September 12, 2023 9 min read Updated: March 16, 2026

Adam’s second moment estimate is a diagonal approximation to the empirical Fisher Information Matrix. K-FAC uses a Kronecker-factored approximation. EWC uses the Fisher as a regularization penalty. Natural gradient uses the full thing. Same underlying structure, different computational budgets.
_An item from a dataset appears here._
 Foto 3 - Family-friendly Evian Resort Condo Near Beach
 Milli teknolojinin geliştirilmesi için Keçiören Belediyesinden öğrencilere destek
None of this is new. Amari formalized natural gradient in 1998. Martens (2020) wrote a thorough 76-page survey connecting it to second-order optimization. Khan and Rue (2023) unified these algorithms under a single Bayesian learning rule. Kunstner, Hennig, and Balles (2019) showed where the empirical Fisher approximation breaks. I spent a while working through the math, and the pattern is clean once you see it, so I want to write it down.

Fisher Information

Parametric model $p(x|\theta)$. Here $x$ is observed data and $\theta \in \mathbb{R}^d$ is the parameter vector. The score function is the gradient of the log-likelihood with respect to the parameters:

$$s(\theta; x) = \nabla_\theta \log p(x|\theta)$$

Under regularity conditions, the score has zero mean: $\mathbb{E}_{x \sim p(x|\theta)}[s(\theta; x)] = 0$. The Fisher Information Matrix $\mathcal{I}(\theta) \in \mathbb{R}^{d \times d}$ is its covariance:

$$\mathcal{I}(\theta) = \text{Cov}[s(\theta; x)] = \mathbb{E}_{x \sim p(x|\theta)}\!\left[s(\theta; x)\, s(\theta; x)^\top\right]$$

Under the same regularity conditions (differentiability, integrability, interchange of differentiation and integration), this equals $-\mathbb{E}[\nabla^2_\theta \log p(x|\theta)]$, the expected negative Hessian. This is Bartlett’s second identity.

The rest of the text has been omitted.